Every trail has a *few* guys that do beat the crap out of their equipment. With that being said, it's pretty easy to know or find out which guys those are. Most of us pay for our stuff with hard earned cash and cannot afford to repair or replace stuff for no good reason. And need to be able to get out to the spots and be able to return and fish the next day without breakdowns. Alot of the tourney boats are setup for maximum efficiency, around here setup for trolling , jigging, handlining. I'm still running my 2001 C liner that has been thru many tourney's and some of the roughest conditions around. Never been repaired or needed to. Yes I have ran it hard in some conditions but that was because I had to. But never cracked or broke it. So a used boat can be a great deal from the right person.


----------



## ESOX (Nov 20, 2000)

Lots of good used glass multispecies boats out there. You never said how much money would be considered as


> breaking my bank to bad


 You can get into a new Ranger Angler (see avatar) or Reata for the price of a new truck. There are used ones out there, but unlike tin, they do hold their value quite well.


----------



## ESOX (Nov 20, 2000)

http://www.michigan-sportsman.com/classifieds/showproduct.php?product=22554


----------



## loweboats (Apr 1, 2007)

ESOX said:


> http://www.michigan-sportsman.com/classifieds/showproduct.php?product=22554


This is a GREAT boat. Former owner was CMONKEY and now Mick owns it. If you can afford this boat....run, dont walk and snatch it up.


----------



## ebijack (Apr 20, 2009)

loweboats said:


> This is a GREAT boat. Former owner was CMONKEY and now Mick owns it. If you can afford this boat....run, dont walk and snatch it up.

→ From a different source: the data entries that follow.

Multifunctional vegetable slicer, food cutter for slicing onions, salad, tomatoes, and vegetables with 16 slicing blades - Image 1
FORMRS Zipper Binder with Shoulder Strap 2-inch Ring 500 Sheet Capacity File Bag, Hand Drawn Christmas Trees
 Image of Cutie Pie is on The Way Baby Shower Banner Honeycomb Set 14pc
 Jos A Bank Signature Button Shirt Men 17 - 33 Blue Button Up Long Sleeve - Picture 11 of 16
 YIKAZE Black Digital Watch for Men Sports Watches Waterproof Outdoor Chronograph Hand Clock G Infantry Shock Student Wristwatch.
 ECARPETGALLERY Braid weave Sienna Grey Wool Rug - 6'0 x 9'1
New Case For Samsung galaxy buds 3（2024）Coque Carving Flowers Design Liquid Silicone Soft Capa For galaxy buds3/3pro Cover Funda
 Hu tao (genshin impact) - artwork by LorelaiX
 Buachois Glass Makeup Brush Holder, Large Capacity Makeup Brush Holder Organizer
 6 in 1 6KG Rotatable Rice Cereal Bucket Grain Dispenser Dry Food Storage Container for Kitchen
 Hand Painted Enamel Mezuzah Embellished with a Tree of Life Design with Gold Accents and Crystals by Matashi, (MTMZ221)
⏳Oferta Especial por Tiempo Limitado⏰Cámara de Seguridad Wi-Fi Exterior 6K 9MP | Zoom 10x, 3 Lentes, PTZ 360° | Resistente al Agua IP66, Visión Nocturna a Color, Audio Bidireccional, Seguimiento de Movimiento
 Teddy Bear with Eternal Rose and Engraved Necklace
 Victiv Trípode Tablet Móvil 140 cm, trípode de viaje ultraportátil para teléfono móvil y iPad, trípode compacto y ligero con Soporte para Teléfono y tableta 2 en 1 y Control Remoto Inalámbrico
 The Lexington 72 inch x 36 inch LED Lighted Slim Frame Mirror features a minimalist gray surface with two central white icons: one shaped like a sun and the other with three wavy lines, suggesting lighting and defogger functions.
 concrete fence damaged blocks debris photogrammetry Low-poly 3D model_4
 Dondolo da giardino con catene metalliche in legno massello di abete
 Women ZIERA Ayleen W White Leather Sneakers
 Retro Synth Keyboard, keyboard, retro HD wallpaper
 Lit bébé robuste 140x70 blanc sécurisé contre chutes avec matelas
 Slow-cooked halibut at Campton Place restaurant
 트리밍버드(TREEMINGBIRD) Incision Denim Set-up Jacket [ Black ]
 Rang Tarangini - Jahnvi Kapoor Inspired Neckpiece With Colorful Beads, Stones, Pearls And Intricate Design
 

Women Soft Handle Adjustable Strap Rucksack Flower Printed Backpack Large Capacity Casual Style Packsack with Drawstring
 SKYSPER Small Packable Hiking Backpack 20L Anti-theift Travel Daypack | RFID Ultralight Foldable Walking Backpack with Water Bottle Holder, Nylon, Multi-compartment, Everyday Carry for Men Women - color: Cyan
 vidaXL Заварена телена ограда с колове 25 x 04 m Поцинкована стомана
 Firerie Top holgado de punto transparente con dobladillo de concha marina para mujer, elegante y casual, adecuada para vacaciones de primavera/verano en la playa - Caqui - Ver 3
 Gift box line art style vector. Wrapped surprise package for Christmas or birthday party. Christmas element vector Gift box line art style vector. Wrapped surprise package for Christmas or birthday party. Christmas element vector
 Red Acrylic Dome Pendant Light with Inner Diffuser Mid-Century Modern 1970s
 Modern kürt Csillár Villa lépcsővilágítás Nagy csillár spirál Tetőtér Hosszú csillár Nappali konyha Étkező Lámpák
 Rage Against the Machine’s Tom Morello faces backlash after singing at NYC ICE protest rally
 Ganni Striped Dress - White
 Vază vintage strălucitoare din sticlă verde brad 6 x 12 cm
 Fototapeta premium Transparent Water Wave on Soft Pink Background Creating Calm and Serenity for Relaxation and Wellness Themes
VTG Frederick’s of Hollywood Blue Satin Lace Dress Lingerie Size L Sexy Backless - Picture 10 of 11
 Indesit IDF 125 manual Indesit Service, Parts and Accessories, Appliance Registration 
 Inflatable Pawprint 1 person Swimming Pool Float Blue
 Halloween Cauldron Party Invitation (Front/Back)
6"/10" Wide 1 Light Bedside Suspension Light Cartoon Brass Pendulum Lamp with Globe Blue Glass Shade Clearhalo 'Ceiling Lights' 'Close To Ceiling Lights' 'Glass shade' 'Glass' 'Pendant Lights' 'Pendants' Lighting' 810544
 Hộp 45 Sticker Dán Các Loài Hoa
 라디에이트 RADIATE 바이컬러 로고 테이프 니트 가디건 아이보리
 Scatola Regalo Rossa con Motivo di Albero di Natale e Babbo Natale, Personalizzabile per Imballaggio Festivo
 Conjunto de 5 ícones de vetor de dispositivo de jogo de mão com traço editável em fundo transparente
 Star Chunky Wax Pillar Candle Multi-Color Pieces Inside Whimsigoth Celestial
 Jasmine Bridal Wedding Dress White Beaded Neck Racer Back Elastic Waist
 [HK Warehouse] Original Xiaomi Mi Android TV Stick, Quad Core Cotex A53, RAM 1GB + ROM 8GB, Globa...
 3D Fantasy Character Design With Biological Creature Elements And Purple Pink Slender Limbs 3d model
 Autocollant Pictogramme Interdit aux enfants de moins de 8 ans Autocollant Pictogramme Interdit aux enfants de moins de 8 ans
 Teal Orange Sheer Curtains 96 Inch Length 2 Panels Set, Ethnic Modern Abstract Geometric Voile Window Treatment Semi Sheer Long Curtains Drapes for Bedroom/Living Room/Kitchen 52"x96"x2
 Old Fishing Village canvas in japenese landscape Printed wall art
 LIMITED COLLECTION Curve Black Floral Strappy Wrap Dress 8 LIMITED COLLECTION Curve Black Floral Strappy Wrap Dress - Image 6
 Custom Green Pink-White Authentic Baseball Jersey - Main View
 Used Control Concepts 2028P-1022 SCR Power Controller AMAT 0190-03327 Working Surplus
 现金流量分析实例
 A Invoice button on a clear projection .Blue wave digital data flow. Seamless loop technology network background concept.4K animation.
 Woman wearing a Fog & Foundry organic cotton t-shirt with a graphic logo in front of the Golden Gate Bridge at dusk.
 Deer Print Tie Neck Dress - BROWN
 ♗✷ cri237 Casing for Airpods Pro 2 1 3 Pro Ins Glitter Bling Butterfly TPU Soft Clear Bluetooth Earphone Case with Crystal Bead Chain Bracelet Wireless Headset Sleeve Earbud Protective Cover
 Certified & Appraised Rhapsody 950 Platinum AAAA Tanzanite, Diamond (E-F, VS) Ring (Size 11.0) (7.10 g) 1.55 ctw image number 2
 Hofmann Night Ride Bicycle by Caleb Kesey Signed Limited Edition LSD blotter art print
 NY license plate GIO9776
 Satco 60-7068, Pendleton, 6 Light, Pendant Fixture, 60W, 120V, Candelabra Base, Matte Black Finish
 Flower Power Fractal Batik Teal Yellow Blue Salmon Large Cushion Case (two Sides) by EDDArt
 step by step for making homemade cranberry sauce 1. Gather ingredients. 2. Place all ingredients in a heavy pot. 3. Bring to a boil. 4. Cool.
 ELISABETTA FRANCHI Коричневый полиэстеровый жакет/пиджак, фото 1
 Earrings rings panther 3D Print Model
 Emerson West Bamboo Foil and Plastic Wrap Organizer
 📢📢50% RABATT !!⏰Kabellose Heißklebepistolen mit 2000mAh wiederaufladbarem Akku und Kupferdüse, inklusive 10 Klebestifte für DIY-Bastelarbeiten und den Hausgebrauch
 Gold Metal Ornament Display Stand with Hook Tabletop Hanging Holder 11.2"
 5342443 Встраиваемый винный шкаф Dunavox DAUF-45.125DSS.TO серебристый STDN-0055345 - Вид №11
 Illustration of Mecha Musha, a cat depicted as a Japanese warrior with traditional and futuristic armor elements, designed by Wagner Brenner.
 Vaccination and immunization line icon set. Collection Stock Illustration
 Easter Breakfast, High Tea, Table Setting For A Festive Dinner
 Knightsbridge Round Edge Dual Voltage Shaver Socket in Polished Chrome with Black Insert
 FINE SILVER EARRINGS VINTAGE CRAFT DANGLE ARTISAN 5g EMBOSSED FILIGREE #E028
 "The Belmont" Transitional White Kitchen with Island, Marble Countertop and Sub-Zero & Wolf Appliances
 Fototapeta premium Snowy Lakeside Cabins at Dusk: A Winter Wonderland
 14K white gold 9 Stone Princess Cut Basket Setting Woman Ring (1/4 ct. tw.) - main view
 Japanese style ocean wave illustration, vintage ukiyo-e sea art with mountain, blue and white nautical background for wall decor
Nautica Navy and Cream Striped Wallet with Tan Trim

Did Mick even use it yet? Very nice boat, dang thing has followed me around a few times out on erie  :evil:


----------



## cmonky (May 4, 2008)

ebijack said:


> Did Mick even use it yet? Very nice boat, dang thing has followed me around a few times out on erie  :evil:


mick bought it from me in the fall, and then he ran across a sweet deal on his dream boat and couldnt pass it up! whoever gets the stratos is going to get a sweet rig for a steal at that price! that boats a fast,stable rig! you callin me a piper tom :lol:


----------



## ebijack (Apr 20, 2009)

ME??? naw  It's always good to hook up with you out there! When you getting your new ranger?


----------



## tubejig (Jan 21, 2002)

ESOX said:


> http://www.michigan-sportsman.com/classifieds/showproduct.php?product=22554


The same ad is on walleye central and craigs list, he has it at 22k there. Thats a really nice boat. I was looking for one of these at the end 2010 and couldnt find it anywhere in Michigan. Since I bought mine that same fall, as luck would have it, they start to show up all over this past summer. That boat is worth a look and a ride, that is if you like bubbles.


----------